I’m also curious why Frank’s tutorial on probabilistic programming lists Stan on page 7 under the heading “Application Driven” rather than the heading “Probabilistic Programming Language”.
Stan’s really an imperative language for specifying a log posterior (or penalized likelihood function if you want to roll that way) up to an additive constant. Bayes’s rule shows that it’s sufficient to specify the log joint up to a constant. We then translate to a C++ class that reads in data in the constructor and provides the log posterior as a function of the parameters as a method in such a way that it can be differentiated at first (or higher) order. We then use this class for inference with MCMC or for point estimation with L-BFGS or for letting users explore their own inference algorithms.
If a taxonomist forced me to split, I’d say Stan is an imperative probabilistic programming language, Pfeffer’s language, Figaro, is an object-oriented probabilistic programming language, and Church is a functional probabilistic programming language.
Expressive in practice or in theory?
I’d also like to discuss the following claim, on page 9 of Pfeffer’s pre-release book version, and echoed in every other intro to probabilistic programming I’ve seen:
Naturally, representation languages with greater expressive power will be able to capture more knowledge, making them more useful.
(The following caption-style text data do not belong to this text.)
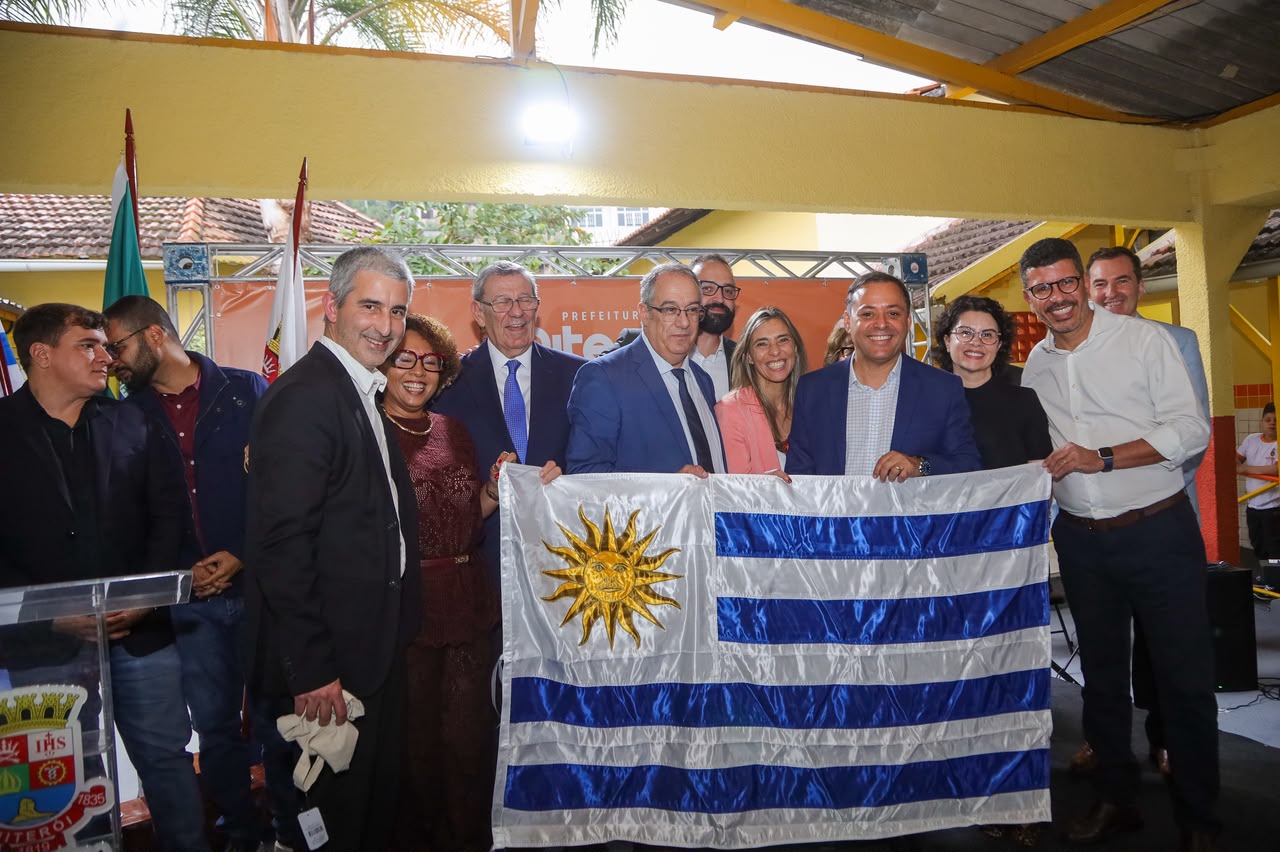 Niterói e Uruguai assinam acordo para primeira escola pública bilíngue em português e espanhol da rede municipal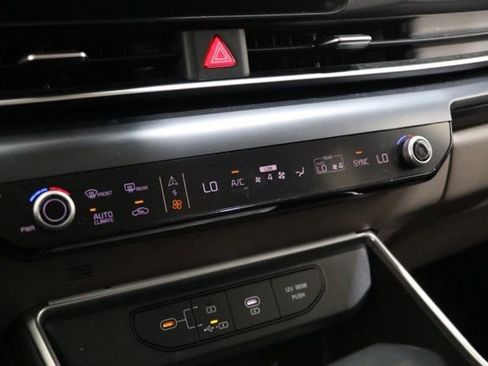 Used 2025 Kia Carnival FWD image 28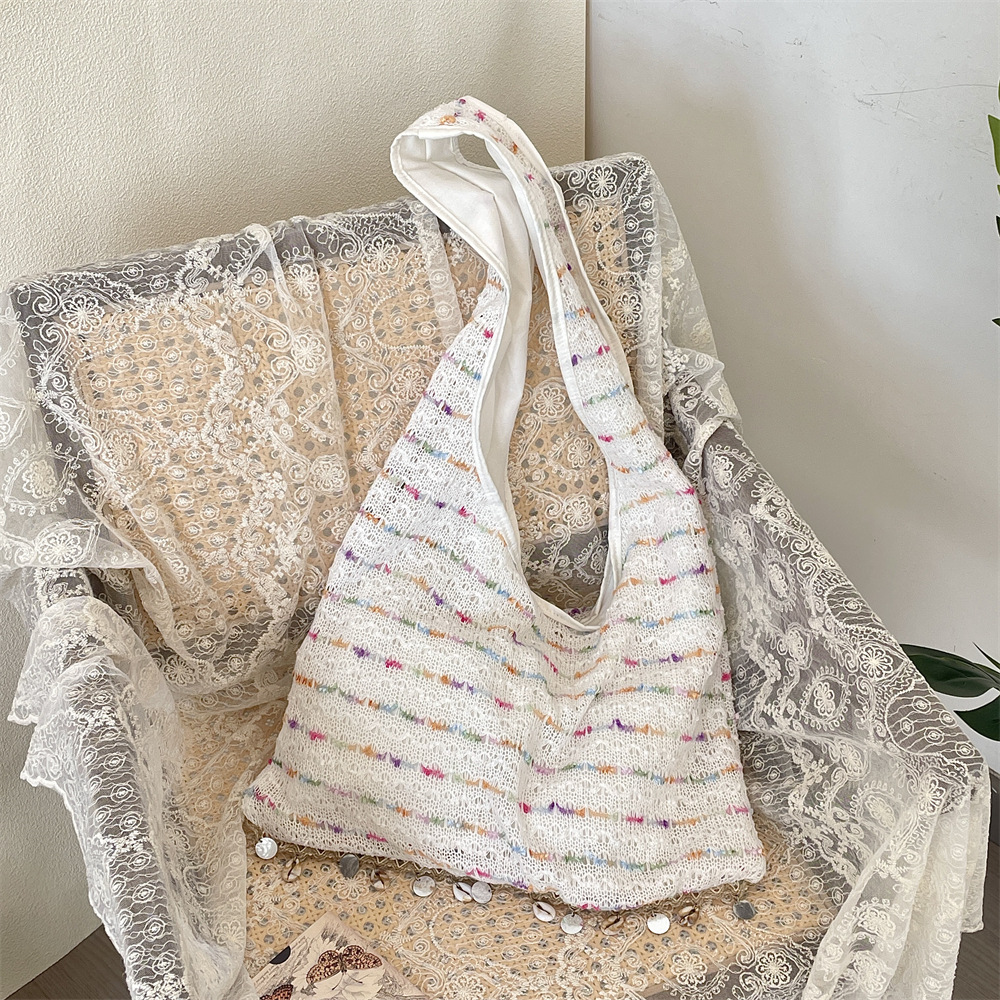 53203 Spring/Summer Gentle candy-colored knitted crossbody tote bag, shell buckle single-shoulder bag, large-capacity vest bag details Picture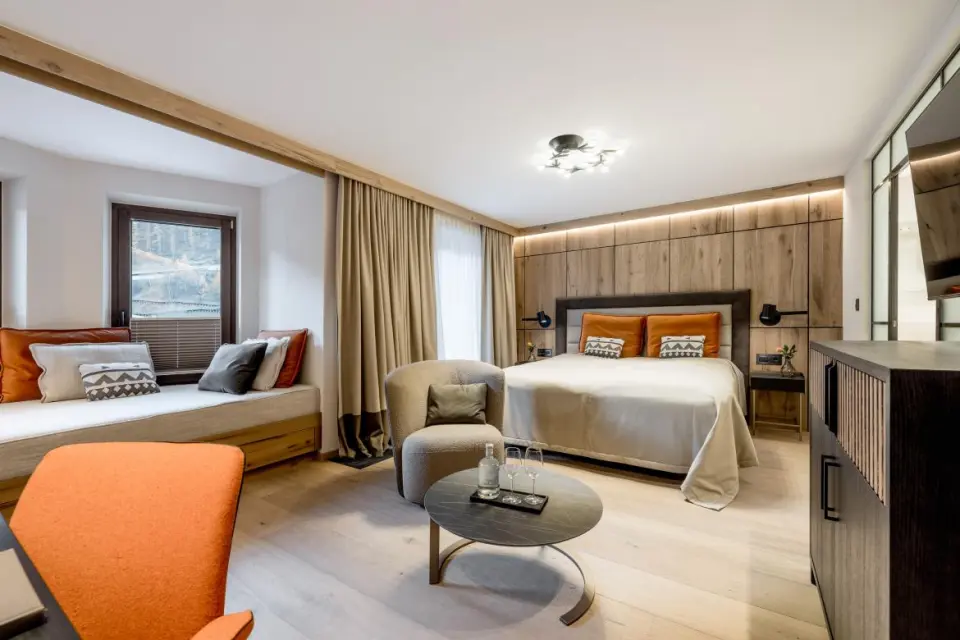 Hotel Das Central in Hochgurgl – Gemütliches Zimmer mit Fensterbank und Bergblick | Wellnesshotel Tirol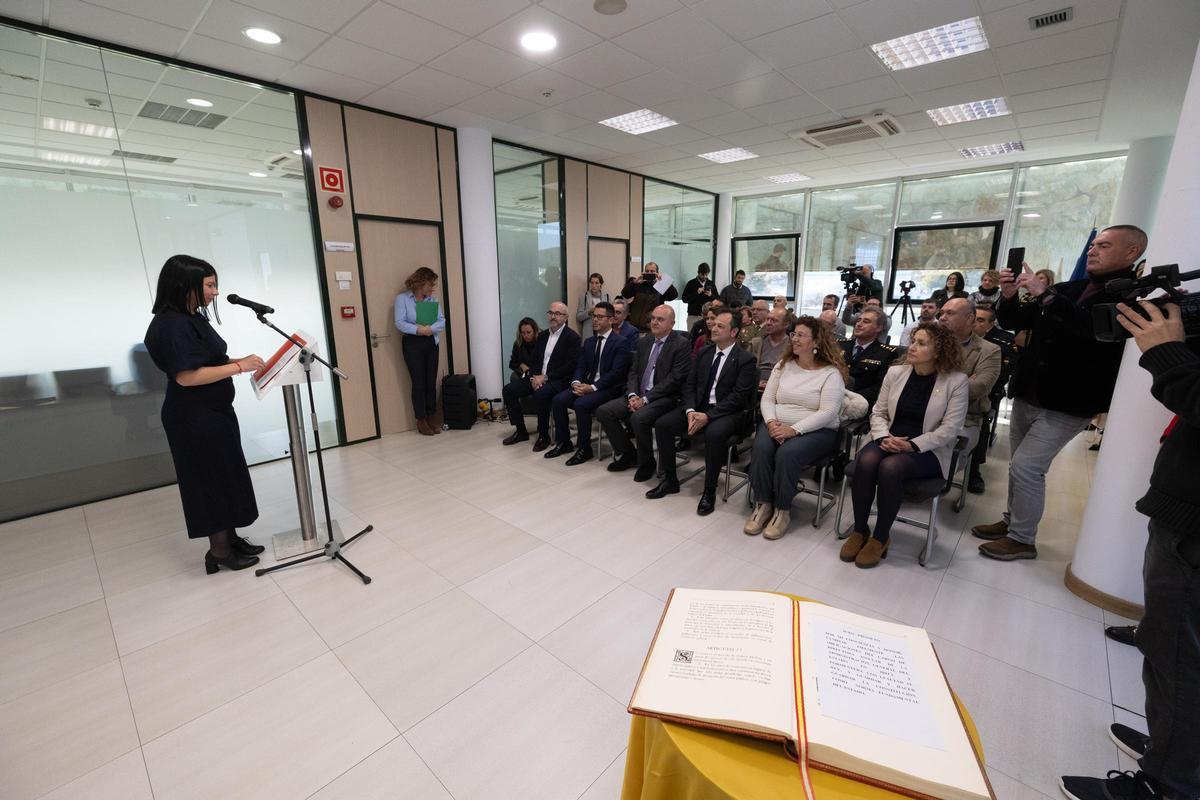 Raquel Guasch Ferrer toma posesión como nueva directora insular del Estado en la comisaría de Ibiza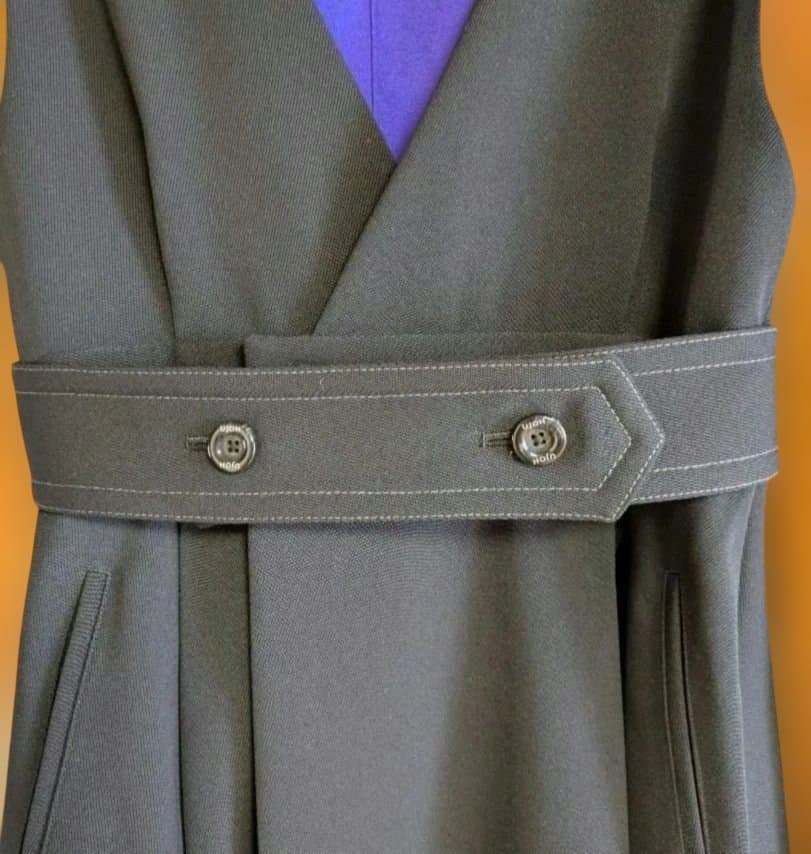 美品 2way ウジョー ベスト ジレ ブラック Vネック モード モノトーン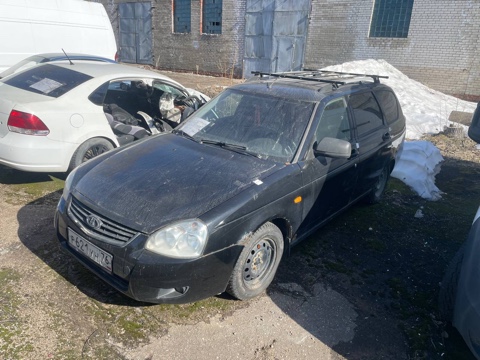 Лот №2 Автомобиль "Лада Приора" государственный регистрационный знак Р62УН76, VIN XTA217130D0100560, 2013 г.в. Бывший в употреблении, правоустанавливающие документы и ключи отсутствуют. Транспортное средство находится в залоге. Залогодержатель АО «Тинькофф Банк». Сумма задолженности не установлена, номер АС ПИБИ 76-010678-1.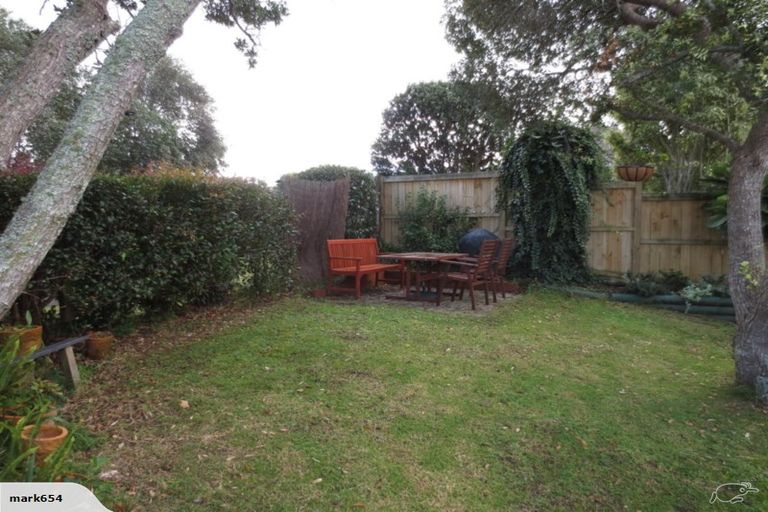 Photo of property in 39 Woodstock Road, Forrest Hill, Auckland, 0620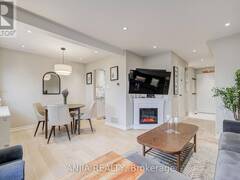8 MARESFIELD DRIVE Toronto Ontario, M1V 2X1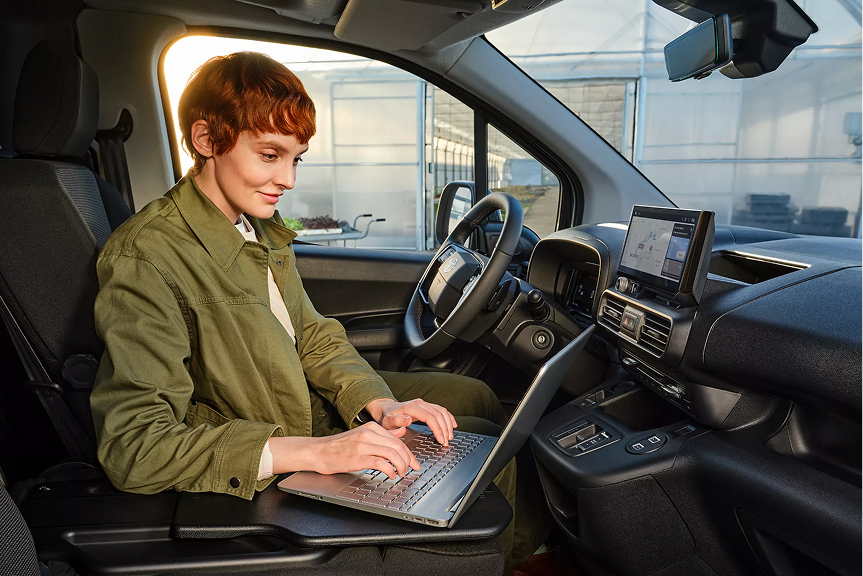 Intérieur spacieux du Toyota PROACE CITY 2026 avec tableau de bord moderne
The true measure of usefulness for a user is how easy it is to express the class of models the user cares about and how efficiently, scalably, and robustly the software can fit the model. Assembly language is Turing-complete and can encode a pseudo-random number generator, but that doesn’t make it “able to capture more knowledge” than BUGS in any practical sense.
Mark Chu-Carroll has an insightful discussion on his Good Math/Bad Math blog of Turing equivalence and Turing completeness and what it’s good for.
What we’re really after is modularity. Stan’s going to add user-defined functions in version 2.3.0, which will be handy. For one thing, that should make it clear that Stan’s Turing equivalent. But functions are not not going to solve our modularity problem.
By modularity, I mean the ability to express a Bayesian “submodel” directly in the language. For instance, I might drop in a hierarchical logistic regression module with a configurable set of hyperpriors and then re-use it in many models. But I can’t do that in Stan as it will be in version 2.3.0, because that would require somehow exporting variables for parameters and data from the function to the global environment so that our inference algorithms, like HMC and L-BFGS, can see them jointly with all other parameters. Maybe in Stan 3.
Suggestions welcome, as always!
1 Informally speaking, a computable system of defining functions is Turing complete if it can compute any computable function. All of the standard programming languages (C, Java, Python, R, Lisp, etc.) are Turing complete, as are Turing machines and general recursive functions and untyped lambda calculus and first-order logic (the connections to Goedel’s incompleteness theorem run through this connection).
2 Technically speaking, no modern computer is Turing complete because there is a finite physical bound on available storage, whereas the full definition requires unbounded storage. So we squint a little and pretend we have infinite amounts of storage.